In season three, the League of Freedom has to share the SuperMansion with the Injustice Club in light of Dr. Devizo helping to stop the Subtopian invasion.

==Cast==
- Bryan Cranston as Titanium Rex
- Keegan-Michael Key as American Ranger, Sgt. Agony
- Heidi Gardner as Cooch
- Tucker Gilmore as Black Saturn
- Zeb Wells as Jewbot/Robobot, The Groaner
- Jillian Bell as Titanium Lex/Lex Lightning
- Tom Root as Brad
- Chris Pine as Dr. Devizo, Robo-Dino
- Breckin Meyer as Courtney/Ringler
- Yvette Nicole Brown as Zenith/Portia Jones

==Episodes==

| Season | Episodes |  | Originally released |  |
| First released | Last released |
| 1 | 13 |  | October 8, 2015 | December 17, 2015 |
| 2 | 10 |  | February 16, 2017 | April 20, 2017 |
| 3 | 18 |  | May 7, 2018 | May 9, 2019 |
| Specials | 5 |  | December 8, 2016 | April 18, 2019 |

==Production==
SuperMansion began life as a 12-minute pilot for Adult Swim, under the original name Übermansion where, along with several other pilots (including King Star King and Mr. Pickles, both of which were eventually greenlit), it competed for which pilot would be turned into Adult Swim's next series. The pilot won and aired (along with the pilots to King Star King and Mr. Pickles) on August 25, 2013. For unknown reasons, the series moved to Crackle instead with the name change from Übermansion to SuperMansion.

On April 14, 2015, Sony announced that the stop-motion animated series was being developed by Crackle, which Bryan Cranston would voice and executive produce with his Moon Shot Entertainment. Thirteen episodes were being produced, and also starring Seth Green, Keegan-Michael Key, and Jillian Bell. Matthew Senreich and Zeb Wells wrote and would executive produce the series, while other executive producers would be Green, John Harvatine IV, Eric Towner, and James Degus, while Stoopid Buddy Stoodios would produce. The first trailer was released on July 9, 2015, and the other cast included Senreich, Wells, Heidi Gardner, Tom Root, Tucker Gilmore and some other guest stars.

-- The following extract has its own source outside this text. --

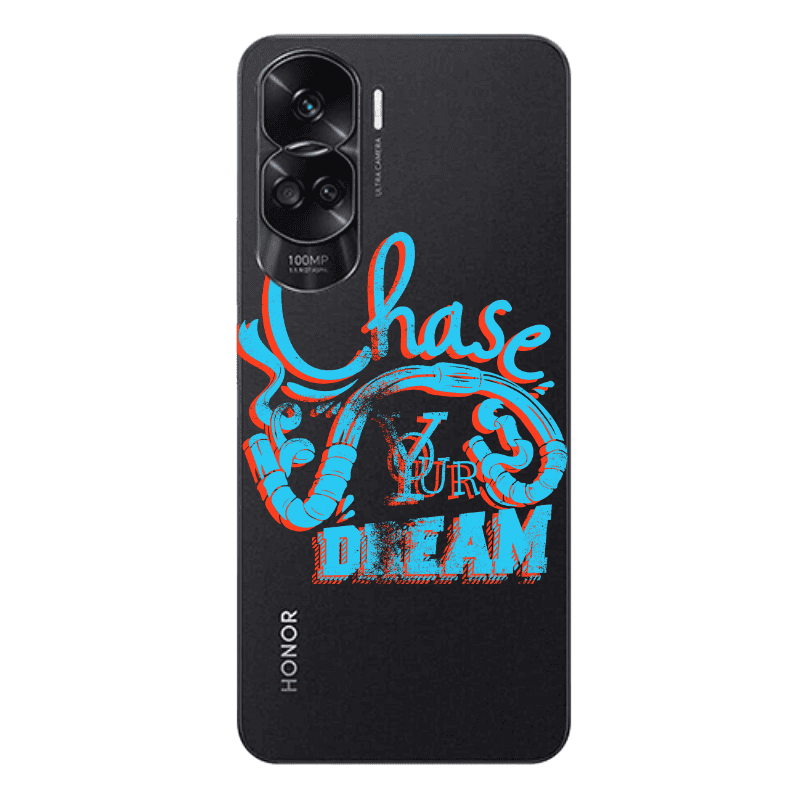 Honor 90 Lite 5G Chase Your Dream Transparent Silicone TPU Θήκη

For the show's second season, Arby's signed a product placement deal with the series as part of a broader deal with Crackle. In addition, Arby's was shown to be next door to the abandoned pizza restaurant which the Injustice Club uses as their hideout.

==Broadcast==
The series had its television premiere on January 1, 2017 on Adult Swim.

In France, the series premiered on MCM on April 17, 2019, airing both French dub and English audio subtitled.

==Reception==
On review aggregator website Rotten Tomatoes, the series' first season has a 40% Tomatometer with an average rating of 5.8/10, based on 5 reviews. On Metacritic, which uses a weighted average, assigned the first season a score of 59 out of 100, based on 6 critics, indicating "mixed or average" reviews.

==Home media==
Season 1 was released on DVD on October 11, 2016. Season 2 was only released on DVD on September 12, 2018, in Australia.